-- The data follows --

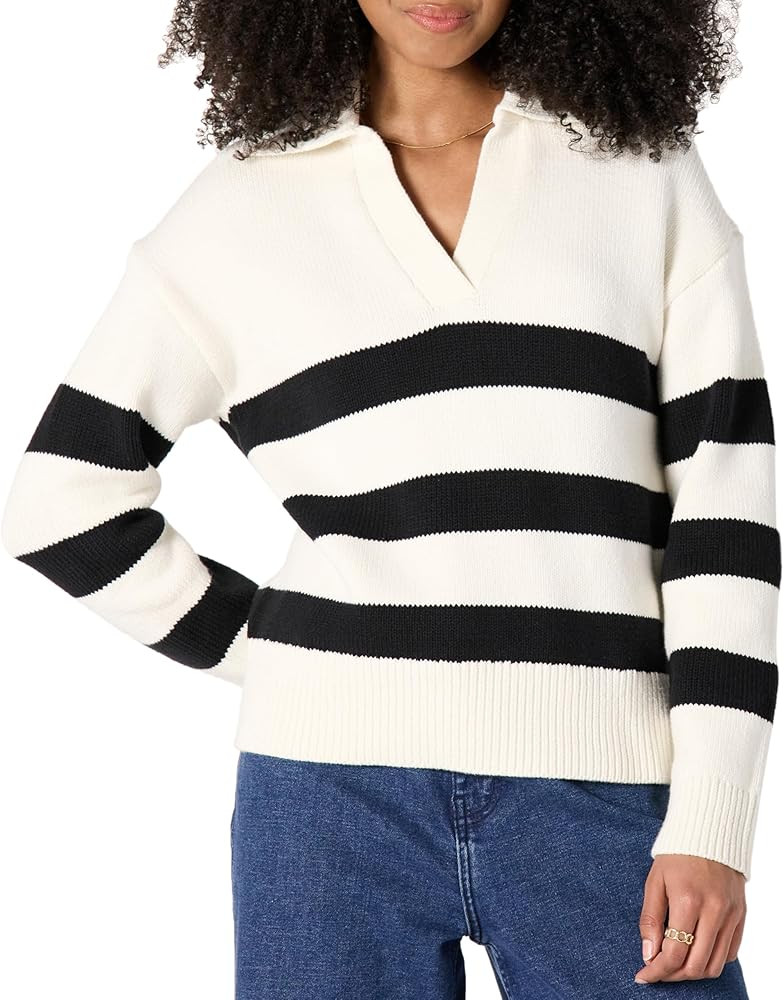 Amazon Essentials Women's Relaxed-Fit Heavyweight Cotton Polo Pullover Sweater | Amazon (US)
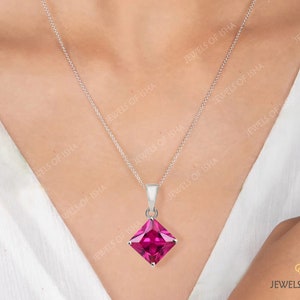 Princess Cut Rubellite Solitaire Necklace, 8mm Square Robellite Tourmaline Pendant Necklace, 925 Silver or Gold Filled, Minimalist Necklace image 2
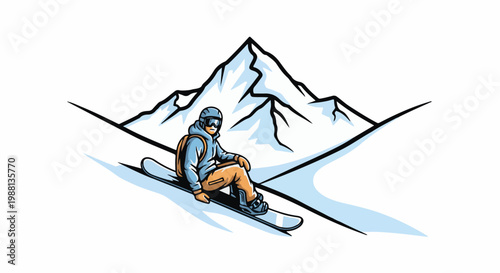 Snowboarder rides down a snowy mountain slope with a backpack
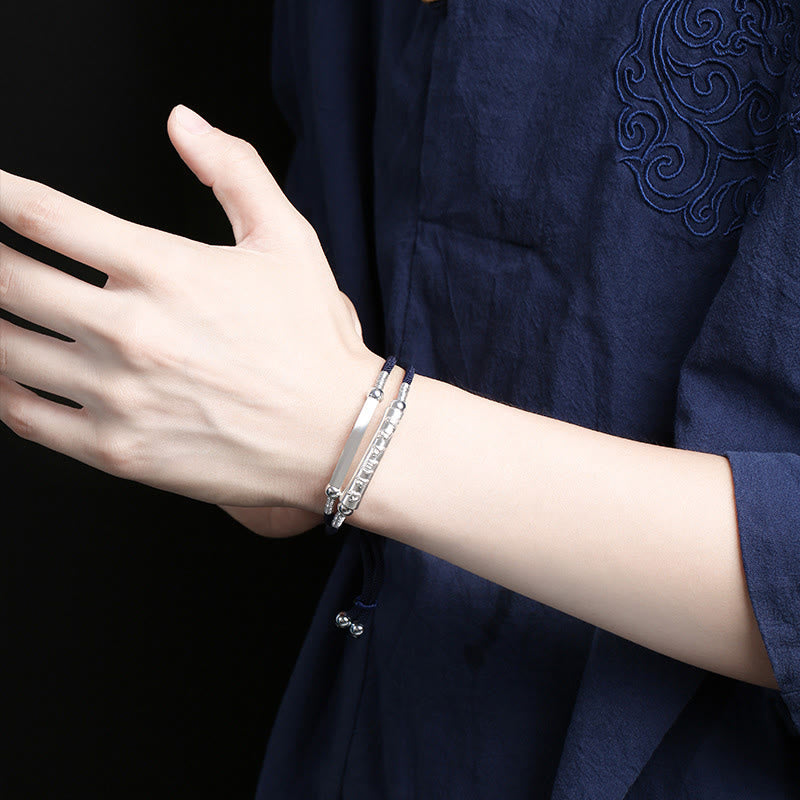 Buddha Stones 999 Sterling Silber Handgefertigtes Om Mani Padme Hum Peace geflochtenes Armband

-- The data concluded --

Work instructions:
From the line with "Snowboarder rides down" through the final line of the data above, copy everything exactly, both ends included, but not the pictures.

Exercise output:
 Snowboarder rides down a snowy mountain slope with a backpack
 Buddha Stones 999 Sterling Silber Handgefertigtes Om Mani Padme Hum Peace geflochtenes Armband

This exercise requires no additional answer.